Goldman Sachs: $7.6 Trillion in AI Infrastructure by 2031 — Nvidia to Capture 75% of Compute
TL;DR
Goldman Sachs projects $7.6 trillion in cumulative AI infrastructure capex through 2031. Nvidia is set to capture 75% of the $5.1 trillion compute layer — but power availability, not capital, is the binding constraint.
On June 6, Goldman Sachs published a research report titled “Tracking Trillions.” The opening figure: $7.6 trillion in cumulative AI infrastructure capital expenditure between 2026 and 2031, roughly one-quarter of the entire US annual GDP.
The baseline model puts 2026 annual spending at $765 billion, scaling to $1.6 trillion per year by 2031. The report details its assumptions explicitly, so readers can trace exactly how sensitive each projection is to changes in hardware pricing, depreciation cycles, and power availability.
Three Layers: Compute, Data Centers, and Power
Goldman breaks the AI buildout into three spending categories.
Compute takes the largest slice at $5.1 trillion, covering AI chips, servers, and supporting hardware for training and inference workloads. The baseline uses Nvidia’s next-generation Rubin VR200 GPU at a unit price of $80,500, roughly double what the H100 cost at launch.
Data centers account for $2.1 trillion, including construction, cooling upgrades, electrical infrastructure, and connectivity. Build pace is accelerating globally, but power access is the bottleneck.
Power and energy infrastructure is the smallest line item at $358 billion — yet analysts identify it as the single most binding constraint on deployment timelines.
Nvidia’s Structural Position
Of the $5.1 trillion compute layer, Goldman estimates Nvidia will capture approximately 75%, translating to roughly $3.8 trillion in cumulative revenue through 2031.
Combined capex from Meta, Microsoft, Amazon, and Alphabet for fiscal 2025–2030 has been raised to $5.3 trillion, up from a prior estimate of $4.5 trillion — an $800 billion upward revision. Oracle separately targets approximately $2 trillion in AI-related asset additions by 2030. Consensus hyperscaler AI capex for 2026 now sits at $527 billion, up from $465 billion at the start of the year.
AMD, Intel, Google’s TPUs, and domestic Chinese alternatives are all competing for share. Goldman’s view is that Nvidia’s software ecosystem cannot be replicated quickly. That assessment has been made before, but purchasing data so far has provided no serious rebuttal.
Power: The Hardest Constraint
The $358 billion power figure is the smallest share of the $7.6 trillion, but it represents confirmed contracts and planned spending — the actual gap is wider.
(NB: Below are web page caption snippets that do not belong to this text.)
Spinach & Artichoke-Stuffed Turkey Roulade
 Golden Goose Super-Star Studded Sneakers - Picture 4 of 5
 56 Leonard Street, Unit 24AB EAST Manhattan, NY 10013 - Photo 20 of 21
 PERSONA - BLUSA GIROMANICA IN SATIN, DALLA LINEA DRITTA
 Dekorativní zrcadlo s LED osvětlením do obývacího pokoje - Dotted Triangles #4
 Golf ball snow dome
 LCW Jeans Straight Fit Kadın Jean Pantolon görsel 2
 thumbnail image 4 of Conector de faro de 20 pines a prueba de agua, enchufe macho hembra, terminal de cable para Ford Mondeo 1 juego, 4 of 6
AI data centers have already undergone a step-change in power density. Traditional hyperscale racks run at roughly 40 kilowatts. Next-generation AI facilities are designing for 500+ kilowatts per rack, a tenfold increase. Construction costs have risen from $10 million per megawatt to $15–20 million per megawatt for next-generation facilities.
Liquid cooling is moving from optional to standard. The liquid cooling market is projected to grow from $5.5 billion today to $15.75 billion by 2030. Amazon CEO Andy Jassy stated plainly: “Our single biggest constraint is power.” Goldman quotes this directly.
Nuclear energy is back in serious corporate conversations. Vistra Energy signed a 20-year contract with Meta covering over 2,600 megawatts — one of the largest corporate nuclear energy agreements in history. Grid connection queues now extend years into the future, pushing large players toward direct power agreements with nuclear operators and renewable developers.
Goldman’s Own Caveat
The report carries an internal tension worth noting. On June 2, a Goldman equities official advising institutional clients stated: “The economics of artificial intelligence are more questionable today than two years ago.”
The timing is deliberate. Goldman quantifies the scale of spending while its equity research division flags that scale does not guarantee returns.
The uncertainty is concentrated in hardware depreciation assumptions. A three-year GPU lifecycle versus a seven-year assumption creates a $1.76 trillion variance in the cumulative spending forecast. AI model architectures are evolving fast enough that early-vintage chips may be obsoleted before they are fully written down. The buying cycle has to be planned under that uncertainty.
Pricing Will Keep Rising
For enterprise buyers, the most actionable implication from this report is pricing direction.
In March 2026, Alibaba Cloud raised AI computing prices by up to 34% and storage by 30%, citing hardware procurement costs. Baidu followed that same month. Within Goldman’s framework, this sequence is straightforward: pricing power sits with Nvidia and a handful of hyperscalers, and when their costs rise, those costs flow downstream to cloud customers.
Cloud AI compute pricing will likely trend upward for the next several years unless GPU energy efficiency improves materially or a credible Nvidia alternative emerges at scale. Organizations modeling AI infrastructure budgets should treat compute costs as a dynamic variable rather than a fixed line item.